Beyond social distancing, while important, the fundamental values of a pod structure provide solutions to educational issues that parents, teachers, and politicians have been trying to address for decades. One of more valuable benefits is a small "class" size and individualized student focus. Learning challenges become more apparent and early intervention more common. Teachers have more bandwidth for each student, and can more freely connect with parents. It allows the pendulum to swing back to the idea that education is about holistic child development instead of linear movement based on standardized tests. The concept allows flexibility and adjustment as uncertainty surrounding the upcoming school year looms overhead.

Unfortunately at the top of the bean stalk lays a giant that has emerged from its slumber and is rightfully angry about having been asleep in the first place. Socioeconomic and racial inequality is ready to pounce and squash the pod stalk at the roots. With any great new concept comes a new set of challenges to overcome. Hopefully, we have learned from our past mistakes in education, and can move forward together in a way that allows parents to unite to fight the giant. Let's work together to make pod learning accessible to any family that wishes to make the climb and JOIN A POD.

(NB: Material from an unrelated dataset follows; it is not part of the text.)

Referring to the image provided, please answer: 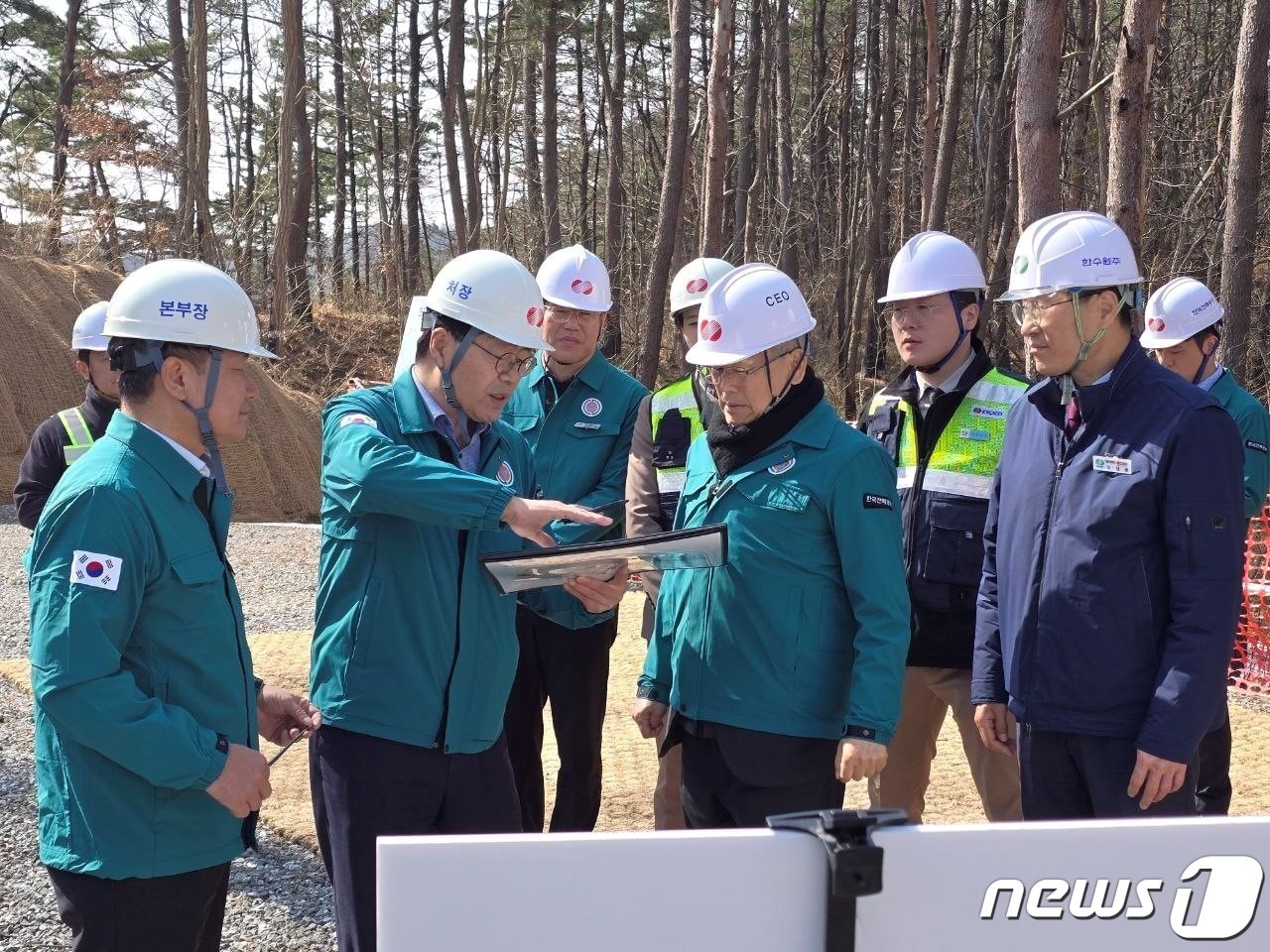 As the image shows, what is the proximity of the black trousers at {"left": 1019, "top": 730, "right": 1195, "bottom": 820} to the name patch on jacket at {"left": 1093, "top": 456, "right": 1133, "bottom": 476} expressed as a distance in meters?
0.68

School districts individually rallied to develop educational plans, programs, and options that promote the social distancing measures necessary to keep the country healthy. However, districts have to plan for situations that will have the greatest impact for the majority. This approach naturally limits educational value, and the varied solutions rarely meet the full needs of each family.

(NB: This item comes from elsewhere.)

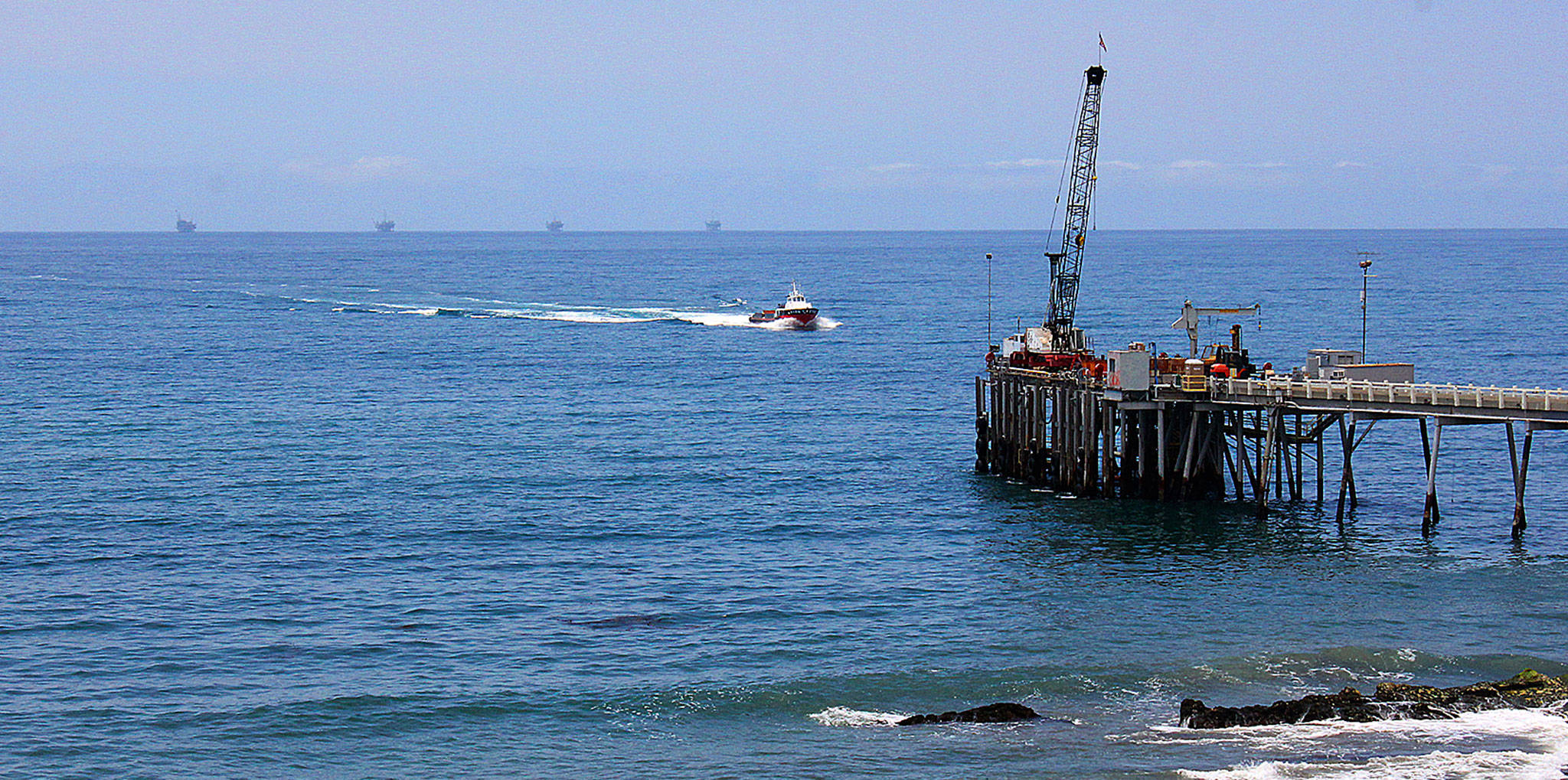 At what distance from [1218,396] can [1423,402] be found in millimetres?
8490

Each situation is unique based on the age and grade level children. Beyond the considerations in a normal learning environment parents now have a wider range of dynamics to consider:

Are there family members that are immunocompromised and sending kids back to school in any capacity is a risk?

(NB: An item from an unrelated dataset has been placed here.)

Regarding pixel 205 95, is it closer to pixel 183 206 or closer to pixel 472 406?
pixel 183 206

I'm a parent, but also have to work. I feel like I can't work and teach my child effectively. Both are priority, and I don't know how to choose.

How long can a kiddo remain in isolation until the mental health concern outweighs the physical health concern? And which do you choose?

Even if I send my kids back to school will they stay in classes anyway? I've heard students are being sent to online learning almost as soon as the doors open.

Are our children really going to learn anything during shortened class times or virtual instruction? Will most of the day be spent on proper placement of masks?

Educational methods are ever-evolving, and are parents really equipped to assist in educating their children?

The questions are never-ending and good answers were hard to find. In an effort to bridge the gap parents started forming the concept of PODS.


The U.S. education system was inundated with challenges to overcome long before COVID-19. Funding was never enough to pay teachers what they deserve. Programs were limited by budget constraints. Class sizes too big. Educational value based on income disparity. The list goes on.

Then a global pandemic crashed into the U.S. and the impact was sent shockwaves through the schools, leaving parents with even fewer options and impossible choices.


Parents were on to something, and started to go out and find teachers and groups of students to develop their own pods. This idea took root and grew like bamboo. However, it wasn't long before major concerns with parent sponsored pod solutions emerged:


In a time when social justice is in the forefront of our minds these well meaning parents are unintentionally creating a long term impact on the socioeconomic and racial divide. Kids with means will get a more quality education than those without. This has the potential for creating even more disparity for generations.


Parents are hiring a teacher or tutor without doing thorough background, reference, and educational checks. At the same time that our news outlets are swarming with COVID-19 and protest coverage they are also sounding the alarm on the rise in child abuse, neglect, and sex trafficking. We would like to think we know our friends, but how often is it heard: "We just never thought he'd do something like that!"


The pods may be unstructured and uncoordinated with some kids showing up and others not. The days, programs, and expectations of the instructor are often not clearly defined. Our kids needs consistency and stability now more than ever.


Parents are often hosting these parent created pods. Liability, state, and local laws regarding what is considered a "daycare" is often not first considered. Parent liability has the potential to bring this new way to educate crumbling down.


Parents must have an agreement with one another to maintain a distancing plan that works for each family. This is the main reason our school systems have put families in the position to need pods in the first place.